首页 > ACM题库 > HDU-杭电 > hdu 3749 Financial Crisis[解题报告]C++
2015
02-22

hdu 3749 Financial Crisis[解题报告]C++

Financial Crisis

问题描述 :

Because of the financial crisis, a large number of enterprises go bankrupt. In addition to this, other enterprises, which have trade relation with the bankrup enterprises, are also faced with closing down. Owing to the market collapse, profit decline and funding chain intense, the debt-ridden entrepreneurs
have to turn to the enterprise with stably developing for help.
Equivalent mass

Nowadays, there exist a complex net of financial trade relationship between enterprises. So if one of enterprises on the same financial chain is faced with bankrupt, leading to cashflow’s obstruction, the other enterprises related with it will be influenced as well. At the moment, the foresight entrepreneurs are expected the safer cooperation between enterprises. In this sense, they want to know how many financial chains between some pairs of enterprises are independent with each other.

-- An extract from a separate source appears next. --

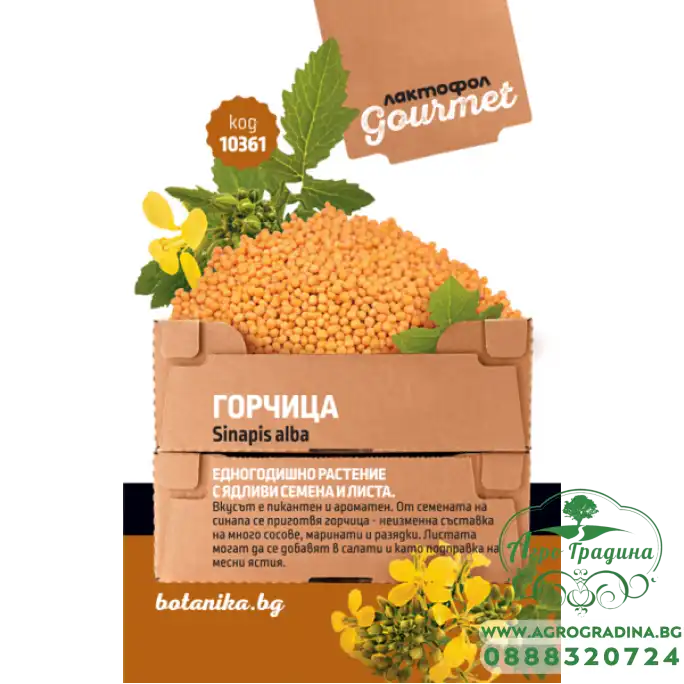 Горчица Sinapis alba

The indepence is defined that if there exist two roads which are made up of enterprises(Vertexs) and their financial trade relations(Edge) has the common start point S and end point T, and expect S and T, none of other enterprise in two chains is included in these two roads at the same time. So that if one of enterpirse bankrupt in one of road, the other will not be obstructed.Now there are N enterprises, and have M pair of financial trade relations between them, the relations are Mutual. They need to ask about Q pairs of enterprises’ safety situations. When two enterprises have two or more independent financial chains, we say they are safe enough, you needn’t provide exact answers.

输入:

The Input consists of multiple test cases. The first line of each test case contains three integers, N ( 3 <= N <= 5000 ), M ( 0 <= M <= 10000 ) and Q ( 1 <= Q <= 1000 ). which are the number of enterprises, the number of the financial trade relations and the number of queries.
The next M lines, each line contains two integers, u, v ( 0 <= u, v < N && u != v ), which means enterpirse u and enterprise v have trade relations, you can assume that the input will not has parallel edge.
The next Q lines, each line contains two integers, u, v ( 0 <= u, v < N && u != v ), which means entrepreneurs will ask you the financial safety of enterpirse u and enterprise v.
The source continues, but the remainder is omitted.